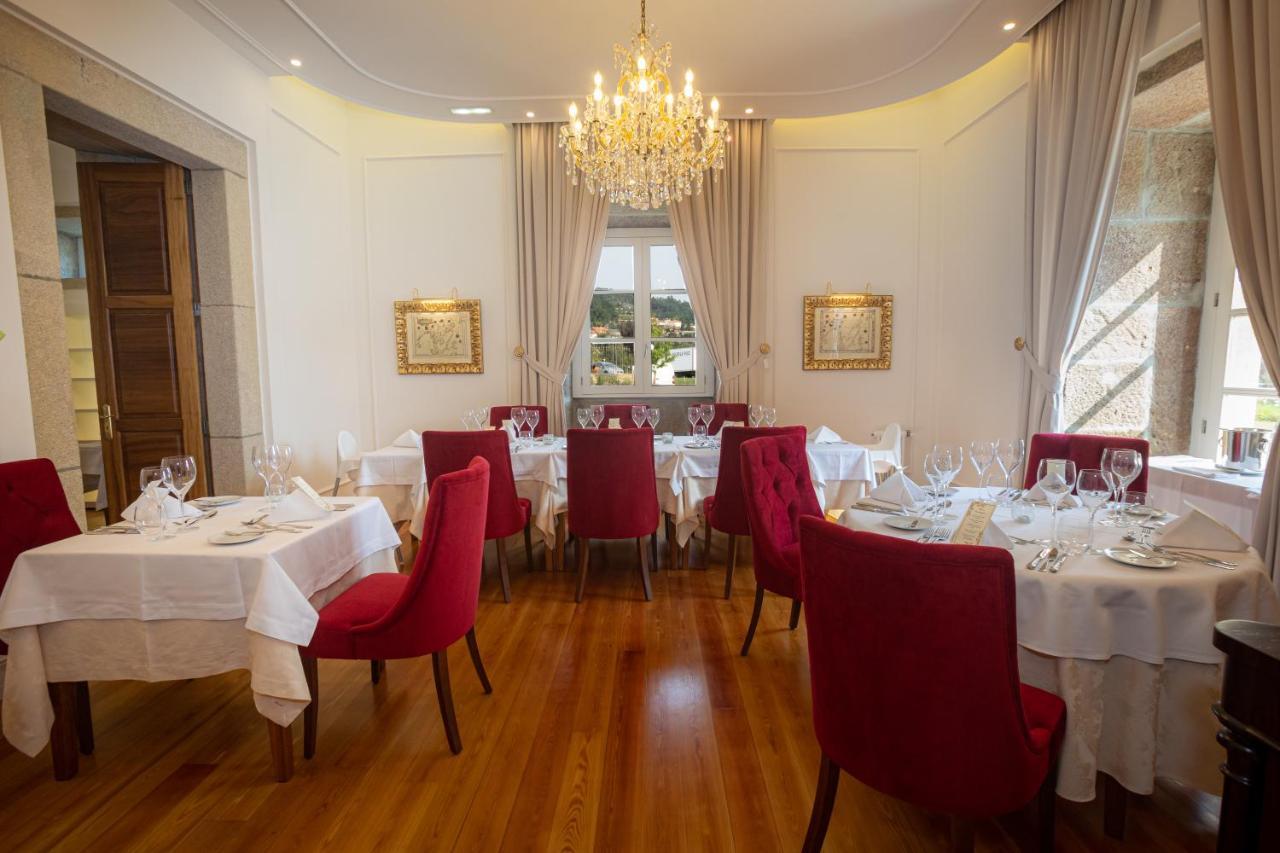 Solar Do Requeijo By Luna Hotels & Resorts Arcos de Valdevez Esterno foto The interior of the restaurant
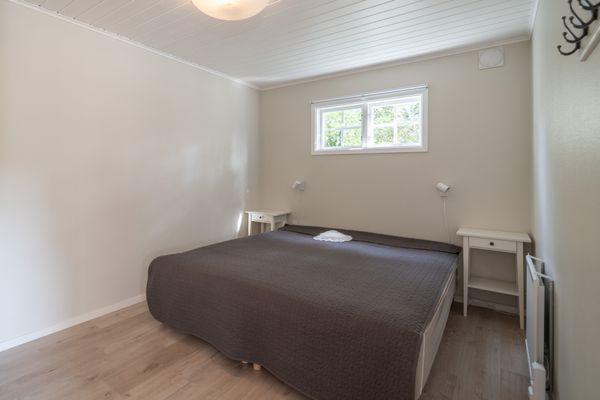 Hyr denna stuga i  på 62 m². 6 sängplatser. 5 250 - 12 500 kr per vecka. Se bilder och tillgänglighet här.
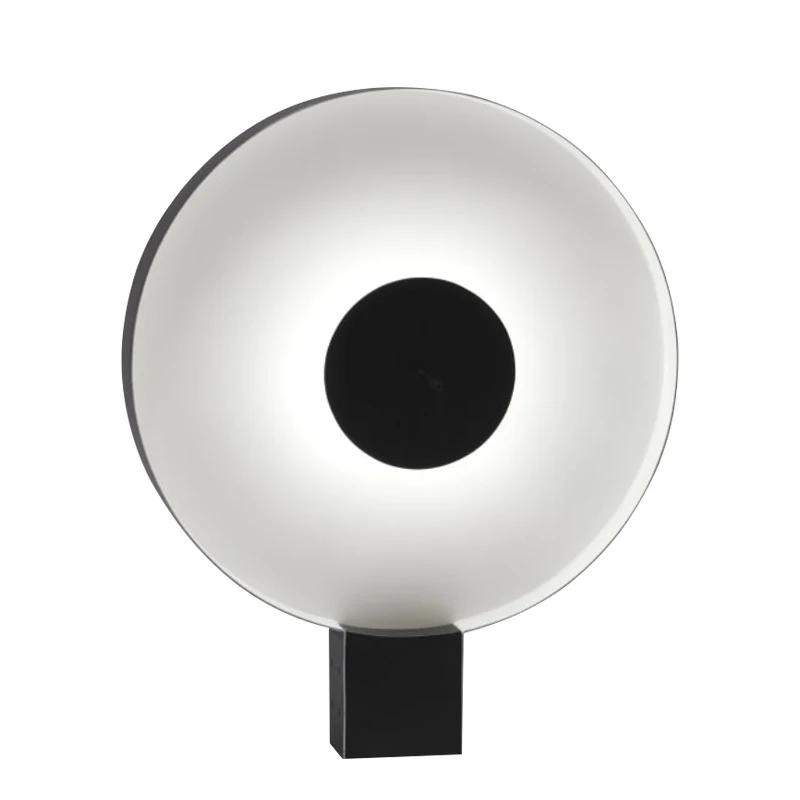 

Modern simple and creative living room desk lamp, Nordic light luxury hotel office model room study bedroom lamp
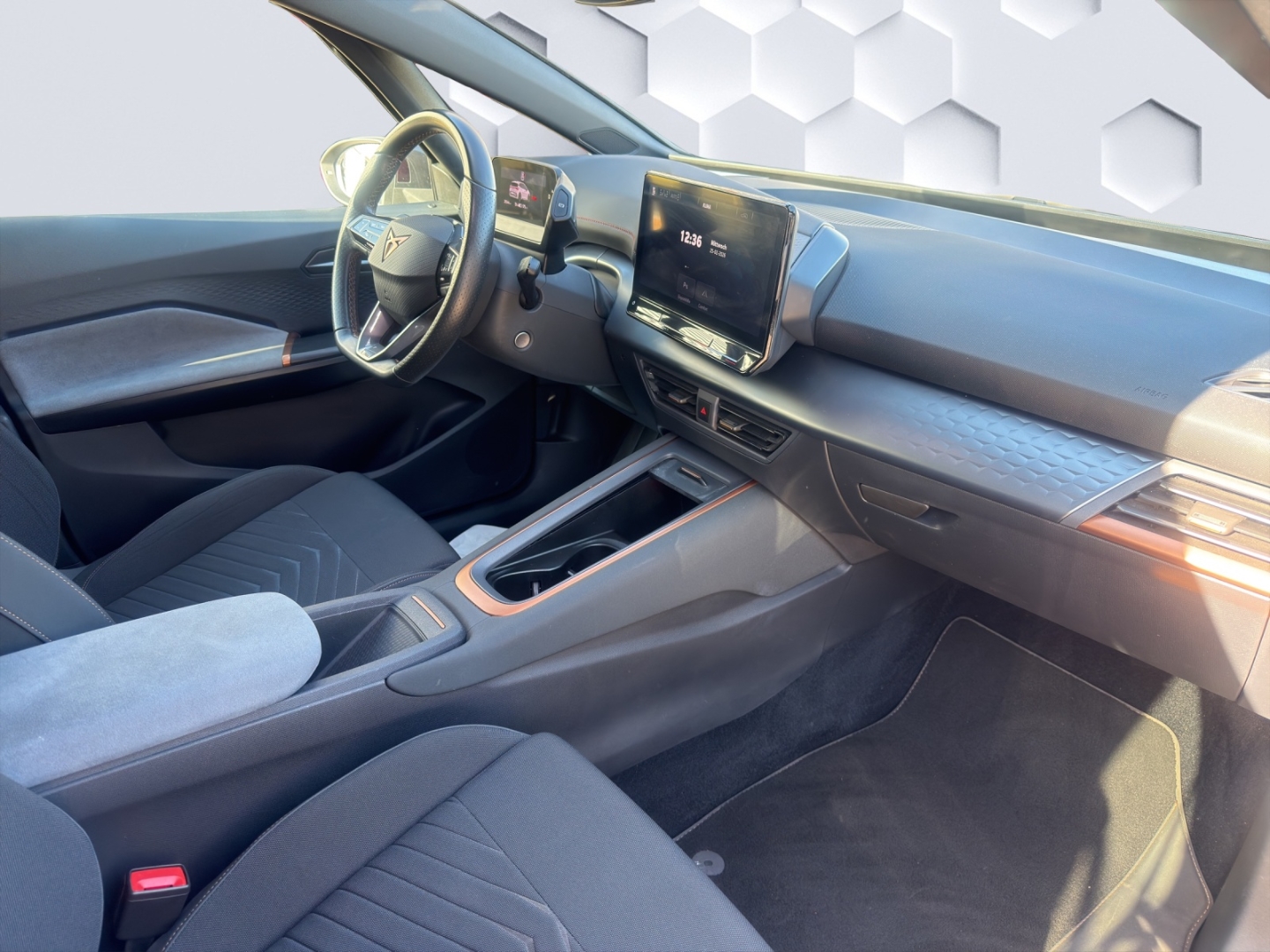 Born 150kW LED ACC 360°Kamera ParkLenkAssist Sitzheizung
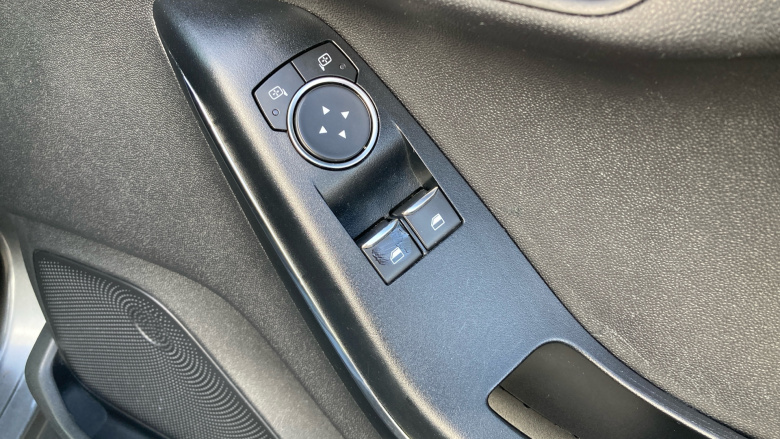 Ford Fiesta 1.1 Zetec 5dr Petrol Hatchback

....

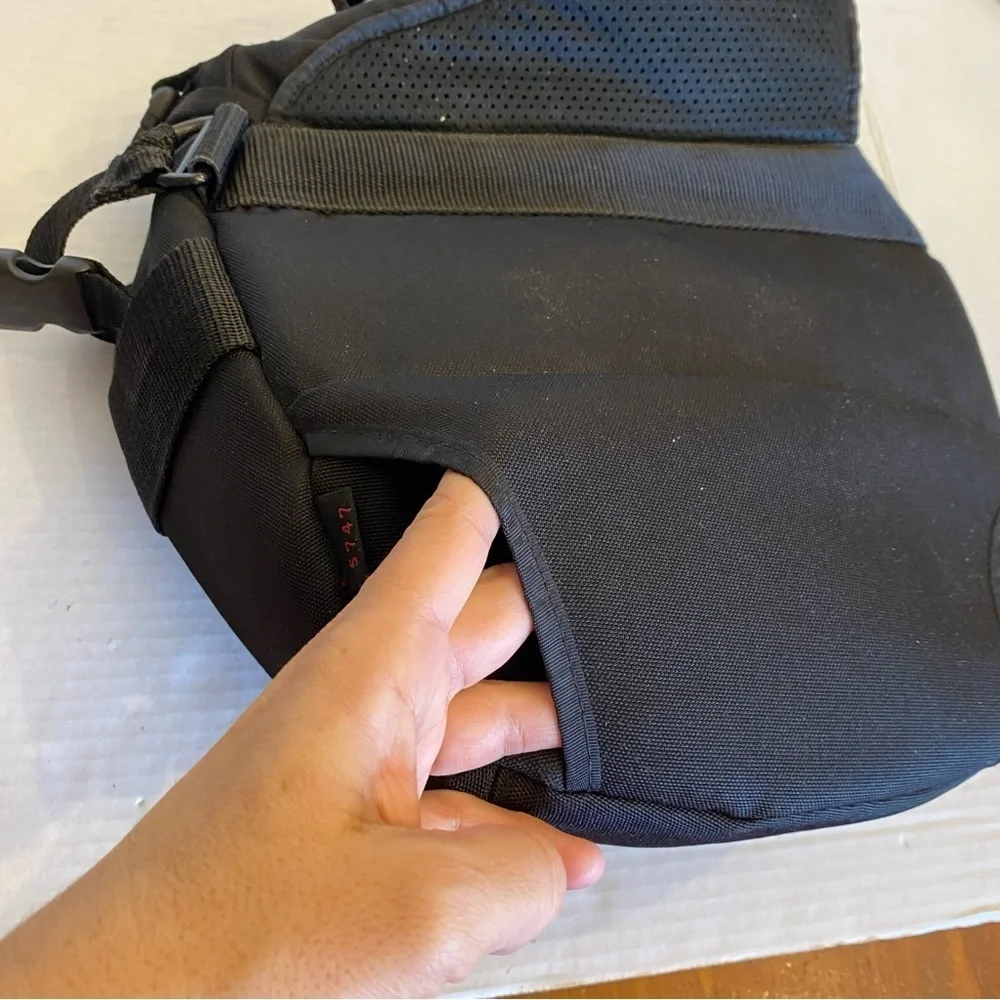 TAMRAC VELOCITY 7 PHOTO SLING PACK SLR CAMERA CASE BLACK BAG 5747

....

Print an exact copy of the lines above, from the one containing "Hyr denna stuga" through the one containing "Born 150kW LED", and leave out the pictures.

 Hyr denna stuga i  på 62 m². 6 sängplatser. 5 250 - 12 500 kr per vecka. Se bilder och tillgänglighet här.

Modern simple and creative living room desk lamp, Nordic light luxury hotel office model room study bedroom lamp
 Born 150kW LED ACC 360°Kamera ParkLenkAssist Sitzheizung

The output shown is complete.